# 90% Done!!!



## COSunflower (Dec 4, 2006)

I am 90% done with my spare room cleaning muck out.  I never would have tackled this without Ninn's encouragement. I have been putting it off for 3 YEARS!!!! It is now clean, organized and I only have 3-4 boxes to go thru in the morning. The back of my car is filled with stuff for the Goodwill. Next, on Wednesday, I will be recovering my couch cushions which have been piled in my computer room since January. My pups tore holes in them one day while I was at work.  I have filled the holes with stuffing and patched them with canvas and heavy duty fabric glue. I already have bought the denium to cover them with. I've just been putting off actually DOING it!!! It will be nice to have couches again.  I haven't figured out how to keep the dogs off them yet....Any ideas???


----------



## cow whisperer (May 3, 2007)

Congrats on getting your spare room cleaned out.... Doesn't it just feel great.... 

As far as keeping the dogs off the couch, I'm no help... You could cover the cushions w/ an old blanket... That way the dogs can't ruin them again.... and you can take the blanket off at anytime....


----------



## Ninn (Oct 28, 2006)

Actually, YES! I do have an idea! (whoda thunk it........lol) My step mom has a dog who is forever climbing up on the first brand new furniture she has ever owned.

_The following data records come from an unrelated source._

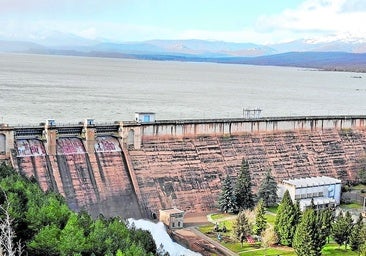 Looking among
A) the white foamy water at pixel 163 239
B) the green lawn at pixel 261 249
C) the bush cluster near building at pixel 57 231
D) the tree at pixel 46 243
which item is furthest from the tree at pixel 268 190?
the tree at pixel 46 243

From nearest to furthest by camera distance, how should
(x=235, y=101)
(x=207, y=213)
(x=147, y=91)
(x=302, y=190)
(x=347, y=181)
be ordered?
(x=207, y=213)
(x=302, y=190)
(x=347, y=181)
(x=235, y=101)
(x=147, y=91)

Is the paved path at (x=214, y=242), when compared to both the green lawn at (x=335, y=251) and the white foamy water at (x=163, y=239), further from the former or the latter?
the green lawn at (x=335, y=251)

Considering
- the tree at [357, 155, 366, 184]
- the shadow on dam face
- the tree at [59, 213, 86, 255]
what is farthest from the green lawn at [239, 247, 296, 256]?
the tree at [357, 155, 366, 184]

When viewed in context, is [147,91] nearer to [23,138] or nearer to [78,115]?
[78,115]

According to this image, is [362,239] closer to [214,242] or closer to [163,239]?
[214,242]

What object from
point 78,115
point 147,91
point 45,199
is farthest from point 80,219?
point 147,91

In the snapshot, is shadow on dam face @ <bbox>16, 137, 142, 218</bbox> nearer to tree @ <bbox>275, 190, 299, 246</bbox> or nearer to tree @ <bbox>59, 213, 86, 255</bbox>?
tree @ <bbox>275, 190, 299, 246</bbox>
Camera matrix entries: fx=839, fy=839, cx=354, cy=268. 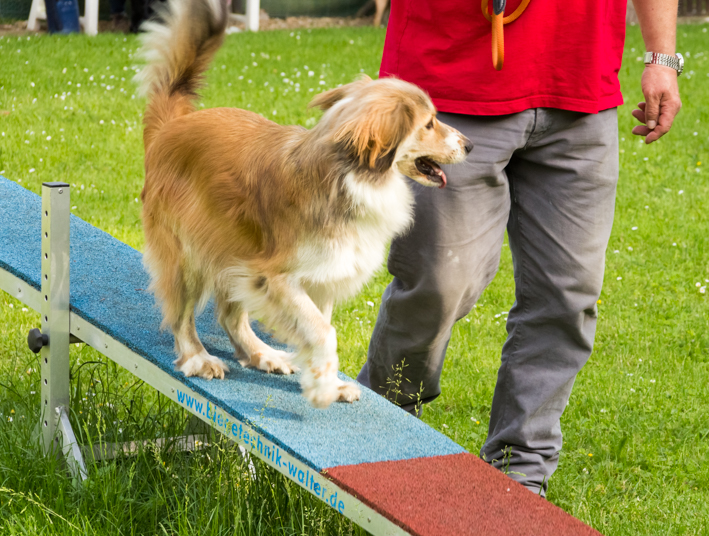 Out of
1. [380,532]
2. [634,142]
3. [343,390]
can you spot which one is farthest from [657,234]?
[380,532]

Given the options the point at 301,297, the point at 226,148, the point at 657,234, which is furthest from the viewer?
the point at 657,234

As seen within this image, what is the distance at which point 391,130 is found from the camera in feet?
8.92

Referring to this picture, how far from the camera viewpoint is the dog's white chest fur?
2750 mm

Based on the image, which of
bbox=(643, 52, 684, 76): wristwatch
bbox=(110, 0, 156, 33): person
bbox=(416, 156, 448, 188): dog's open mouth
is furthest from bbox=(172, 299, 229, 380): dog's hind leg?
bbox=(110, 0, 156, 33): person

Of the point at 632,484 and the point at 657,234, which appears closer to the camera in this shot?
the point at 632,484

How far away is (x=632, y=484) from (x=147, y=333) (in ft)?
7.19

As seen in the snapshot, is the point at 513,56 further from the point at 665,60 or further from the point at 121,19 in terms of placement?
the point at 121,19

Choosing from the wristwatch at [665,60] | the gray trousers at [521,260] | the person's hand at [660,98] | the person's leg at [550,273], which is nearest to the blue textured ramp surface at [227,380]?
the gray trousers at [521,260]

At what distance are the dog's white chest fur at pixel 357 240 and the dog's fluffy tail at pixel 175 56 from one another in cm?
102

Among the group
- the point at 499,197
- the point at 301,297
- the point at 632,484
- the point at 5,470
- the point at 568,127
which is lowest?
Result: the point at 632,484

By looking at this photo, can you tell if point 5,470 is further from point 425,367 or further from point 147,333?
point 425,367

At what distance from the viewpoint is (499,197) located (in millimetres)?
3189

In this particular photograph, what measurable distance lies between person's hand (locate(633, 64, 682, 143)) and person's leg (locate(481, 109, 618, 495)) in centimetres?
14

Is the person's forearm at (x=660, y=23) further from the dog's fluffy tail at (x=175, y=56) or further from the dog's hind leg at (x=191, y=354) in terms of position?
the dog's hind leg at (x=191, y=354) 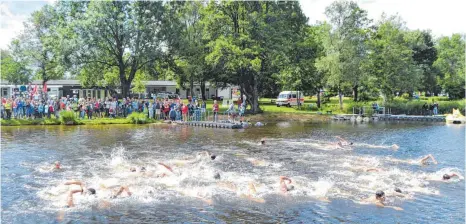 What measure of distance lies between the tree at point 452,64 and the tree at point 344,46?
32.8 meters

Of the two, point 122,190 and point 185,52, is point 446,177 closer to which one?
point 122,190

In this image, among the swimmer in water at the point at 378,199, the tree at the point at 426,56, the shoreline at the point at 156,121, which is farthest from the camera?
the tree at the point at 426,56

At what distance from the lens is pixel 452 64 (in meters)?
83.6

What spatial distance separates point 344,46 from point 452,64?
40955mm

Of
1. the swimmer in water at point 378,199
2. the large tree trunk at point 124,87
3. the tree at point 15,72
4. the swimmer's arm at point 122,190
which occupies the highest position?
the tree at point 15,72

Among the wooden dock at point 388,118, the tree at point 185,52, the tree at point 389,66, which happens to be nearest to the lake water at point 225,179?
the wooden dock at point 388,118

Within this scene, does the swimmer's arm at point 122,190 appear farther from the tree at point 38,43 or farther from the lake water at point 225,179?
the tree at point 38,43

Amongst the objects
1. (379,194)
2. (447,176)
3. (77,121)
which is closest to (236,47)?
(77,121)

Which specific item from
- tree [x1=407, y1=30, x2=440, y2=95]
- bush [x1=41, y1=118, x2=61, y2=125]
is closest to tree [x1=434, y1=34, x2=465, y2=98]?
tree [x1=407, y1=30, x2=440, y2=95]

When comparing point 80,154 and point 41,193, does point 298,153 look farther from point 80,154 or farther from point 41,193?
point 41,193

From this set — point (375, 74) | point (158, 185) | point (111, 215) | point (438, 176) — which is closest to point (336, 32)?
point (375, 74)

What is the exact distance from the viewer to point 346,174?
1930 centimetres

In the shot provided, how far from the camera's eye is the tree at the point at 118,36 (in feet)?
157

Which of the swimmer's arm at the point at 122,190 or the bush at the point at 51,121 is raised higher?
the bush at the point at 51,121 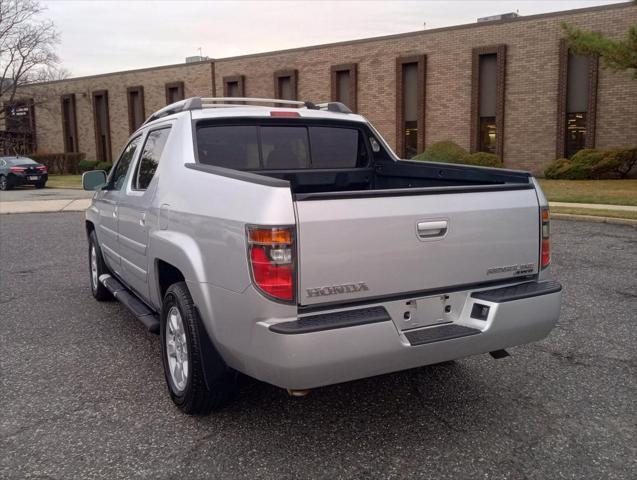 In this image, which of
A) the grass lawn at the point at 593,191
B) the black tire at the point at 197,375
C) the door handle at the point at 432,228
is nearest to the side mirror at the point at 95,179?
the black tire at the point at 197,375

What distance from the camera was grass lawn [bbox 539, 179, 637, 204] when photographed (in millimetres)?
15461

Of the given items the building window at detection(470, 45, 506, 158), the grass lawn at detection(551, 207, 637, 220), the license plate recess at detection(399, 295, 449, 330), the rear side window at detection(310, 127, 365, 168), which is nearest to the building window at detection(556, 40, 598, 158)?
the building window at detection(470, 45, 506, 158)

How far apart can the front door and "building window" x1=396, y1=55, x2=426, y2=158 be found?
23320 mm

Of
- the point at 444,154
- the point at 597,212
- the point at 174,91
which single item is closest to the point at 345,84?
the point at 444,154

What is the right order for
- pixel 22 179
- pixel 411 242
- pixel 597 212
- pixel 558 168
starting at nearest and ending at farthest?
1. pixel 411 242
2. pixel 597 212
3. pixel 558 168
4. pixel 22 179

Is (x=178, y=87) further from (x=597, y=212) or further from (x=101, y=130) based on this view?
(x=597, y=212)

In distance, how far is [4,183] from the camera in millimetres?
28016

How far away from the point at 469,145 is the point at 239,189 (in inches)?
951

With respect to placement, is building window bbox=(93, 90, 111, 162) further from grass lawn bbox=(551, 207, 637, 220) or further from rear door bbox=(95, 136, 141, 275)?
rear door bbox=(95, 136, 141, 275)

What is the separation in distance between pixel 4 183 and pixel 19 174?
0.89m

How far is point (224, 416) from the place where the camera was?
368 centimetres

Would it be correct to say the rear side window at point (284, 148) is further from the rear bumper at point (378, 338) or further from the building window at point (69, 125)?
the building window at point (69, 125)

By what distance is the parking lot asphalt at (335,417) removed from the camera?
309 centimetres

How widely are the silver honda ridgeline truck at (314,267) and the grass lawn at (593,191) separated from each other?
495 inches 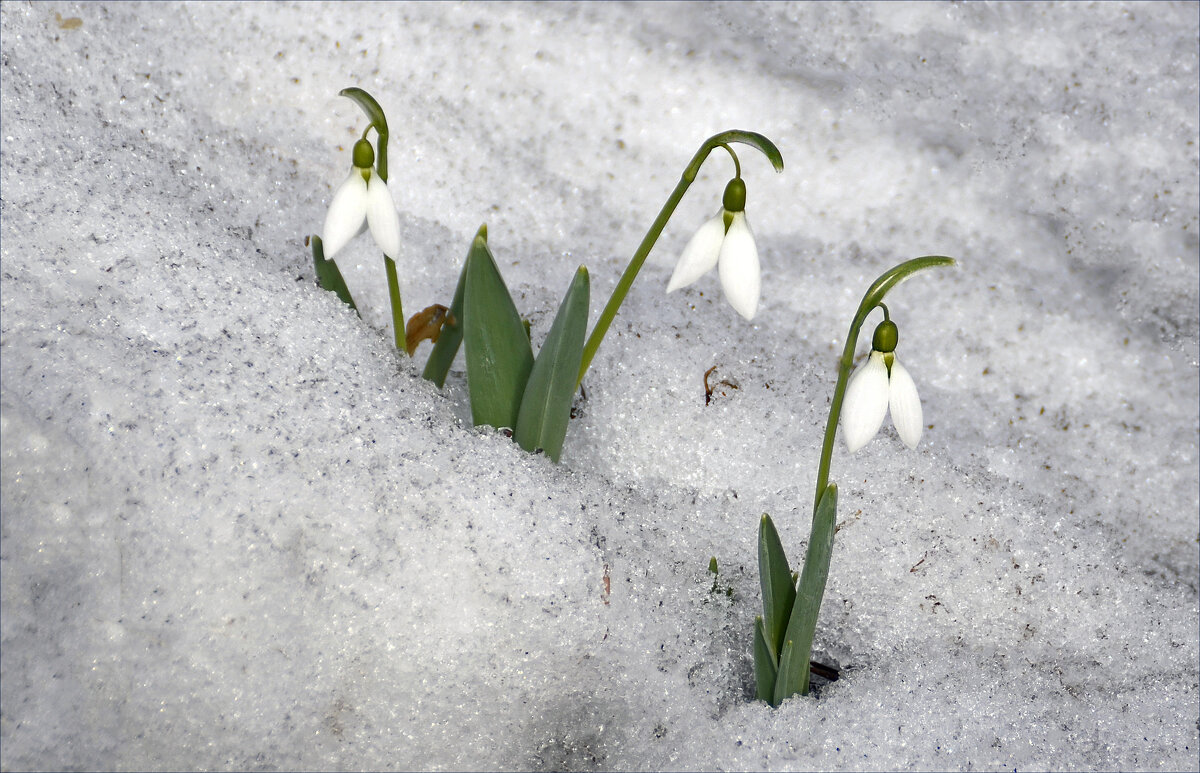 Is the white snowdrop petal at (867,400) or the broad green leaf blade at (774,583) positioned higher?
the white snowdrop petal at (867,400)

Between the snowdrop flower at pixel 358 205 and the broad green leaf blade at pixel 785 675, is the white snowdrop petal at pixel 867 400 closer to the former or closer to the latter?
the broad green leaf blade at pixel 785 675

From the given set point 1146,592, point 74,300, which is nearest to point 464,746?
point 74,300

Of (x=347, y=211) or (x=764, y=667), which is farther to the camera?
(x=764, y=667)

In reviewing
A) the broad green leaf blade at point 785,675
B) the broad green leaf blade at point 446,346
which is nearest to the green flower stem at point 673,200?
the broad green leaf blade at point 446,346

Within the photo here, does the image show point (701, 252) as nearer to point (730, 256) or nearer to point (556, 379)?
point (730, 256)

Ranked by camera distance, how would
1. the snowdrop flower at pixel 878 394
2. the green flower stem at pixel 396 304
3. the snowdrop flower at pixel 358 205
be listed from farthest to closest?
the green flower stem at pixel 396 304
the snowdrop flower at pixel 358 205
the snowdrop flower at pixel 878 394

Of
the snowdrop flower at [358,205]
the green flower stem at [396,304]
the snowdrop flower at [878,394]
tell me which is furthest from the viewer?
the green flower stem at [396,304]

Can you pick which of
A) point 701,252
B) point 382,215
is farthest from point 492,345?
point 701,252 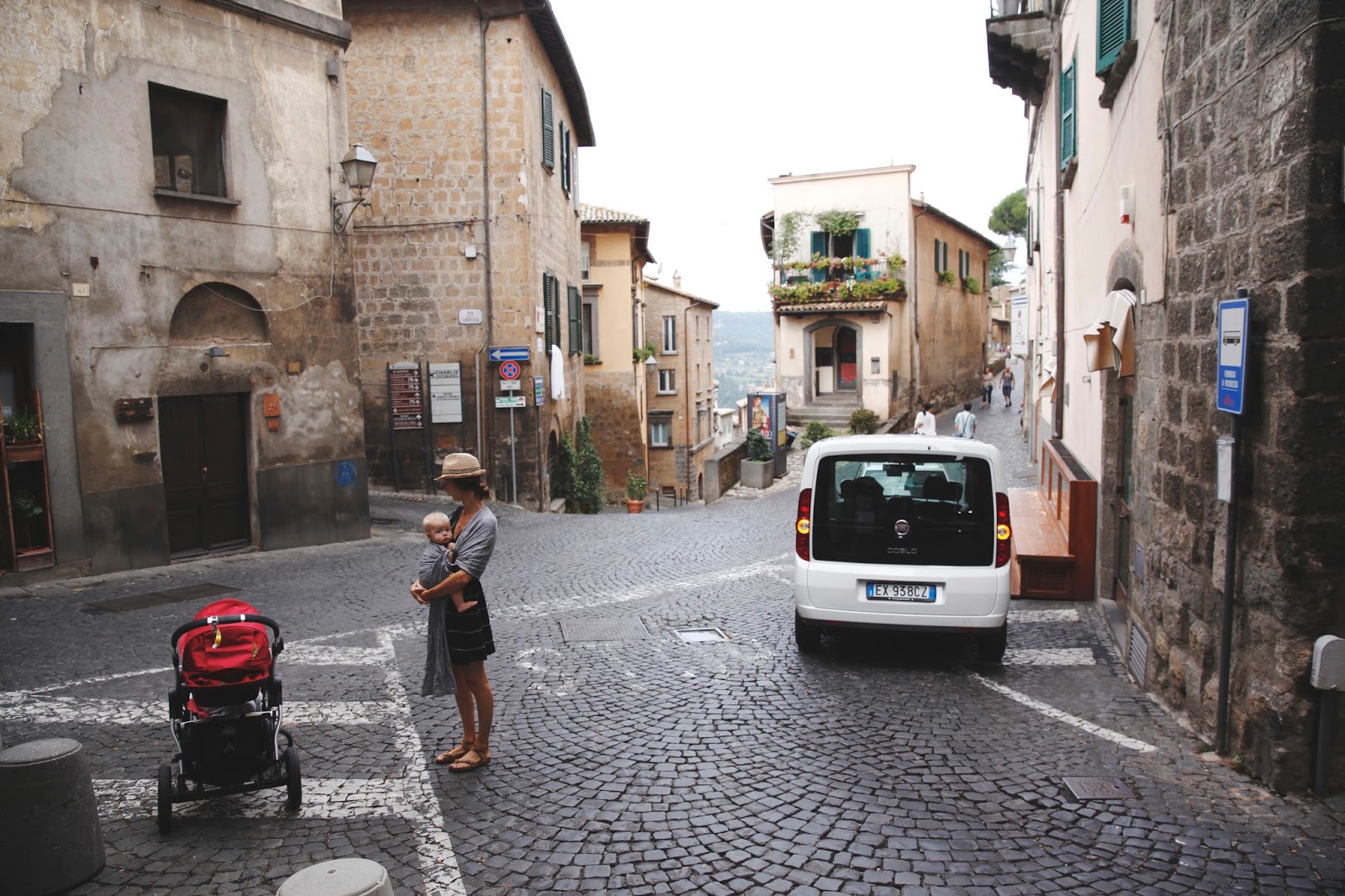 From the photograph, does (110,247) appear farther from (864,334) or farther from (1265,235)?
(864,334)

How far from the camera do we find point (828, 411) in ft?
112

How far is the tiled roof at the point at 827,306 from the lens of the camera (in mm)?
32656

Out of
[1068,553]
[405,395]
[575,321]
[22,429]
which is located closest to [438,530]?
[1068,553]

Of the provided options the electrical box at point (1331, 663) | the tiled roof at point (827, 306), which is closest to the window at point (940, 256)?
the tiled roof at point (827, 306)

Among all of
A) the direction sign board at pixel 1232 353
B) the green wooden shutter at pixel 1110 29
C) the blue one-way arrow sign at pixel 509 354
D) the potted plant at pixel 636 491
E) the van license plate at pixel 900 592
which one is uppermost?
the green wooden shutter at pixel 1110 29

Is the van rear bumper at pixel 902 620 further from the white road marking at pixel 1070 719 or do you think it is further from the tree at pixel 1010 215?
the tree at pixel 1010 215

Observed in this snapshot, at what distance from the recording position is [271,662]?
5.01 m

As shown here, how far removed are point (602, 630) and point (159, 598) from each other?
497 centimetres

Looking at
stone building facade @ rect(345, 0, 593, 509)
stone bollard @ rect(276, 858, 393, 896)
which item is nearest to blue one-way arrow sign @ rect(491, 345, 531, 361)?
stone building facade @ rect(345, 0, 593, 509)

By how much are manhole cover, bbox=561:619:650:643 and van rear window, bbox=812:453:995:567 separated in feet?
7.03

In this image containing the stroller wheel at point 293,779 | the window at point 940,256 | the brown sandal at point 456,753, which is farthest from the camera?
the window at point 940,256

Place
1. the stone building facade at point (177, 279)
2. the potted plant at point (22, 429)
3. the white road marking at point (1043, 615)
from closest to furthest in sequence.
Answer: the white road marking at point (1043, 615) < the potted plant at point (22, 429) < the stone building facade at point (177, 279)

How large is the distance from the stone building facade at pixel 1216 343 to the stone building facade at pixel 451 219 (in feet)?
44.6

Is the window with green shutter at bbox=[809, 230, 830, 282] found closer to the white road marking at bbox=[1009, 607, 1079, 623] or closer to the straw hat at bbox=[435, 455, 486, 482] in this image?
the white road marking at bbox=[1009, 607, 1079, 623] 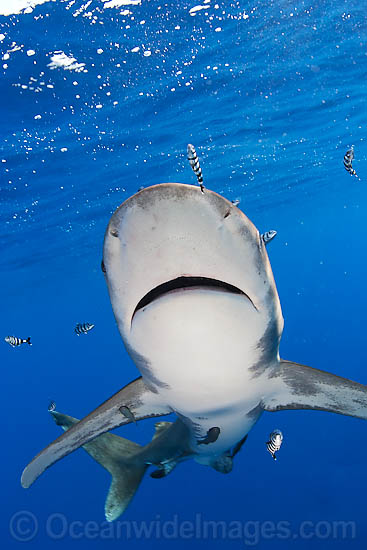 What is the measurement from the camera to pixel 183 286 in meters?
2.48

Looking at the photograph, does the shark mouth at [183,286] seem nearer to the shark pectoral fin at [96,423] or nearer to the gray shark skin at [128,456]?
the shark pectoral fin at [96,423]

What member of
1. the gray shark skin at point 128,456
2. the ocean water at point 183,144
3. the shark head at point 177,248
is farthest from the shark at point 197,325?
the ocean water at point 183,144

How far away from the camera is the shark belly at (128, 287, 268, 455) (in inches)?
99.0

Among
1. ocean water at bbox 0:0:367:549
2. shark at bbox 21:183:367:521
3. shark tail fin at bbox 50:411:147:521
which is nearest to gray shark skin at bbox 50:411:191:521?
shark tail fin at bbox 50:411:147:521

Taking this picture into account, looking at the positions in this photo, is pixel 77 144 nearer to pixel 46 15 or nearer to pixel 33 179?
pixel 33 179

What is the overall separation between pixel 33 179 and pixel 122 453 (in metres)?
13.7

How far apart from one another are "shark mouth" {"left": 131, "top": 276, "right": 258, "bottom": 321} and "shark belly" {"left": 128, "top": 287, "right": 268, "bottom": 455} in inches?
1.4

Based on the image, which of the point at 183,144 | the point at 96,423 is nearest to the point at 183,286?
Result: the point at 96,423

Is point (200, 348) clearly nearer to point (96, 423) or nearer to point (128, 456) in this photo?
point (96, 423)

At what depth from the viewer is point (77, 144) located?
49.3 feet

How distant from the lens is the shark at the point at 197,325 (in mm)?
2129

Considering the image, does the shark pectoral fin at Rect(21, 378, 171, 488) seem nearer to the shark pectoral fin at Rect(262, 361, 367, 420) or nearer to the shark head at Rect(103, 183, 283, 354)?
the shark pectoral fin at Rect(262, 361, 367, 420)

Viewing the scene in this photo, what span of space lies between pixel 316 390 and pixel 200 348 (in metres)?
1.63

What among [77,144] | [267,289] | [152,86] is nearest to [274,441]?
[267,289] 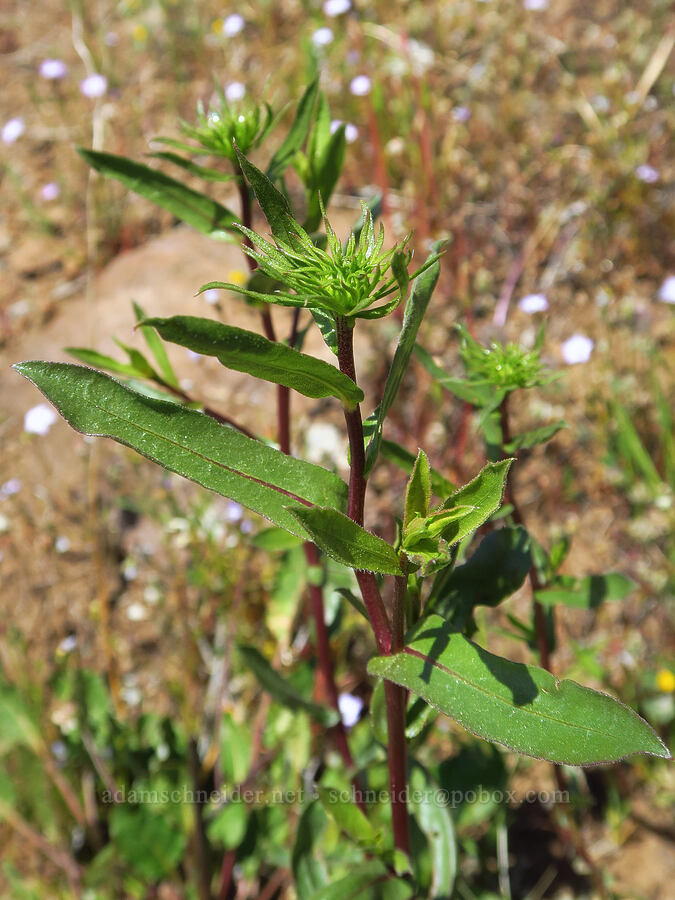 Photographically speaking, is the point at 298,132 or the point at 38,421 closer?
the point at 298,132

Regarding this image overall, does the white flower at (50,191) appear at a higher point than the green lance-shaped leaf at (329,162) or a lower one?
lower

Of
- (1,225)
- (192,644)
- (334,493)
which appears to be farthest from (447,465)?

She went to the flea market and picked up several of those screens you stretch out in the window frames. She lays them out on the couch, fully stretched out, when she leaves the house. He HATES the noise it makes, the way they feel on his feet, everything about them. Stays right off that couch! She also bought an extra couch cushion covered in the same material for his bed and kept it in her room for a few days so it smelled like her. He sleeps on THAT cushion during the day!!

Congrats on the spare room! I'm so proud of you!!!!!!


----------



## Mid Tn Mama (May 11, 2002)

Ninn, that's a brilliant idea about the screen over the sofa. So easy to slip behind it when company comes. Thanks for posting that.


----------



## COSunflower (Dec 4, 2006)

Great idea!!! Knowing my pups, they'll probably just pull the screens off but it is sure worth a try!!!! I'll do it! I also like the idea about the cushions for their beds but mine are still tearing things up. Matilda chews on things when she is nervour. And with her big Mastiff jaws - nothing lasts more than a few minutes! I'm always repairing their beds etc. I'll watch for cushions at yard sales - that way if I have to throw it away I'm not into too much $$$.  Thanks Ninn!!!


----------